2 stars: This is a rare one. I don’t usually give this rating. If I do, it’s to those stories written with budding, rudimentary skill. The last thing I want to do is damn a writing sprout with faint praise, though, so I’ll usually just avoid rating their stories at all.

3 stars: The teacher’s rating. I’m no English major, but I’ve read enough to know when a story’s got technical problems. Missing commas, run-on sentences, inconsistent tense (this is a big one), and conflicting collaboration can put serious drag on a good story. I give three stars to stories that have the engine of creativity chugging inside them, but which glare with niggling errors, like a muscle car with a bad paint job.

4 stars: This is my most common rating. It goes to stories that are written with skill, thought, and care. I know that the limitations of the app make writing a masterpiece a rarity, but when a writer has fun putting together a good story, the reader can tell. Those writers always get 4 stars from me.
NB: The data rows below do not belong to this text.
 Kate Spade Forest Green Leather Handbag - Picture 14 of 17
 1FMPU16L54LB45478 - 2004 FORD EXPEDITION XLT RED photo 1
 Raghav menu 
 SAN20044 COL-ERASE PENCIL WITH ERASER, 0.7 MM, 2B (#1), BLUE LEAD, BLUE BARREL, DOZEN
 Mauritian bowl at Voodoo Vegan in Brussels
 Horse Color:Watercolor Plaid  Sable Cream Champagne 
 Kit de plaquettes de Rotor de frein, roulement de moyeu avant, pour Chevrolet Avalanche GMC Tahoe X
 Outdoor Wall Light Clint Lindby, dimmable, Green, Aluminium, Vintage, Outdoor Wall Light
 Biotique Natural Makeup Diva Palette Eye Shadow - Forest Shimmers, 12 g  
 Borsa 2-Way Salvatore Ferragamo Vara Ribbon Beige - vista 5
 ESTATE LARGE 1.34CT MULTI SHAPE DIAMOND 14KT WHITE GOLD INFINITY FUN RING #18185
5 stars: I give five stars to stories that do things I can’t do. There’s a lot of things I can’t do, so I give these out a lot. I greatly admire the writer who makes a story laugh-out-loud funny, or end with a clever twist, or develop into a unique scenario. Such admiration supersedes any other gripes, so even if a surprisingly smart story has grammatical problems, or ends with a sickening plea for followers, I’ll still give it a 5.
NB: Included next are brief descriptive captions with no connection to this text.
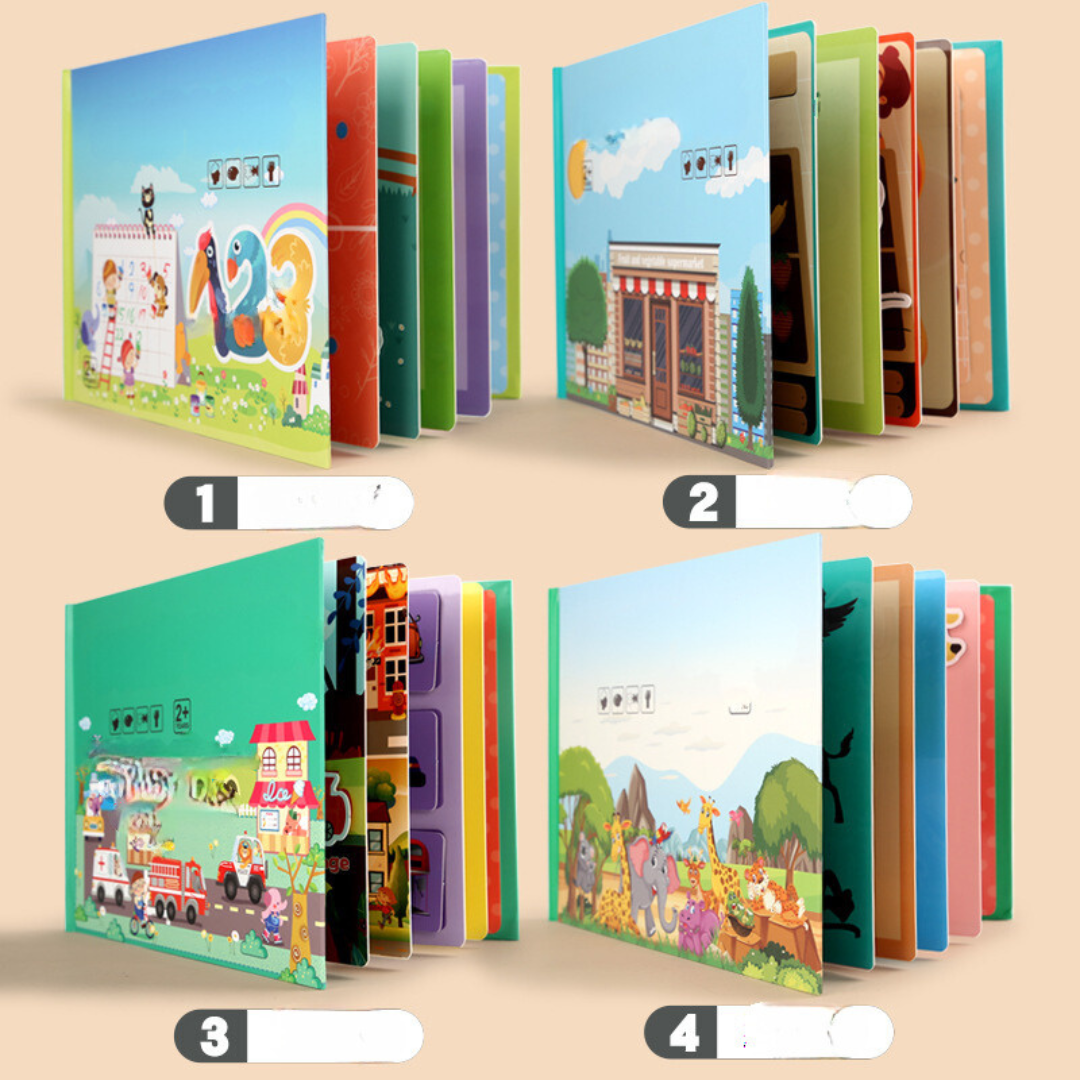 Busybook - montessori beschäftigungsbuch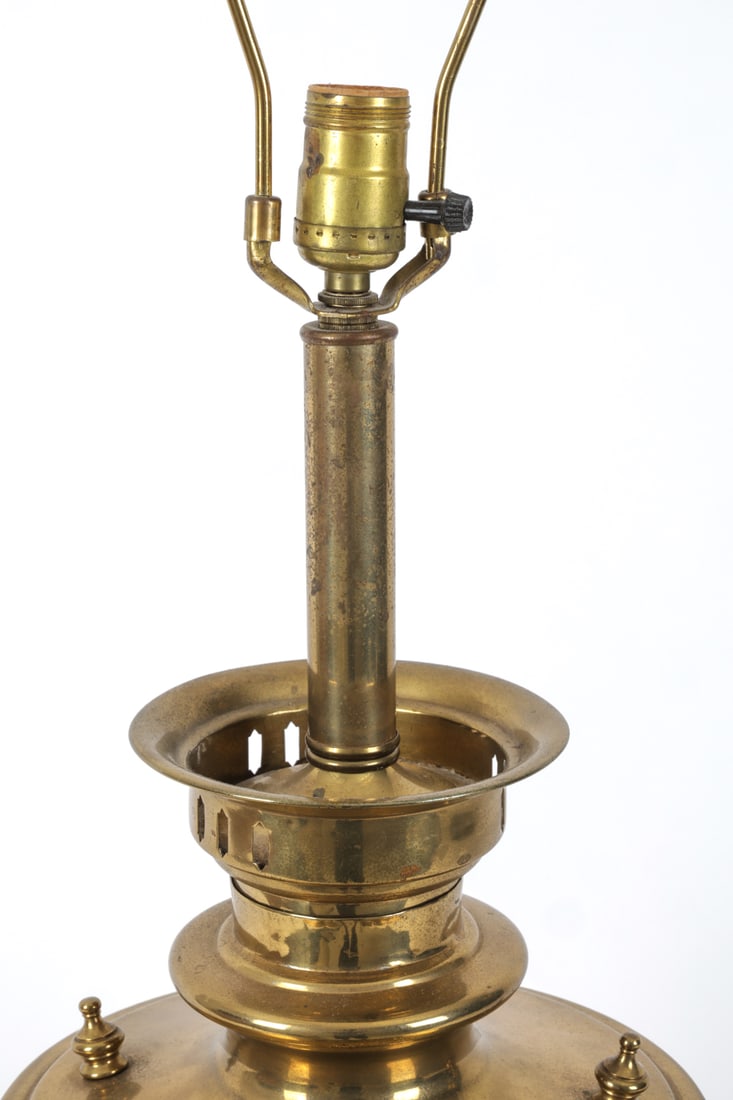 RUSSIAN BRASS SAMOVAR TABLE LAMP - 6
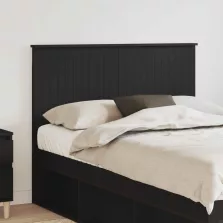 vidaXL Fejtámla fejtámlával Fekete tölgy 120 cm Faanyag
I know. Getting a bad review for anything can hurt. I know that. So here’s my ironic solution: don’t read ’em. Have fun writing, make good stories, and if that isn’t reward enough for you, the fans and followers you’re hoping for will still show up eventually. But you have to trust that your work will speak for itself. We can’t all be PewDiePie – and by God, what a horrible world it would be if we were – so you really shouldn’t waste your energy putting brand before production.

That being said, I still believe in speaking one’s mind. The world – and that includes me – still has to speak up about what it likes and what it doesn’t, so I’m going to keep putting up my reviews. You don’t have to agree with them. You don’t even have to look at them. I don’t mind. After all, my true philosophy is that we should really just be happy doing what we love to do.

Inkvite is Still the Best Place for Writers

In an earlier post, I was too hard on the app Inkvite for the aims and goals of some of its users. I don’t think I was clear enough in my meaning, and I want to apologize.

Inkvite is still the best app for creative writing you can find. There’s no contest.

My issue is that I’m a crotchety old thirty-something who didn’t grow up with internet communities like YouTube and Facebook, and I never placed any value on likes and followers and subscribers. This Gen-Y/Millennial crowd, whatever you want to call them, has grown up in a different world, and that’s not really anyone’s fault.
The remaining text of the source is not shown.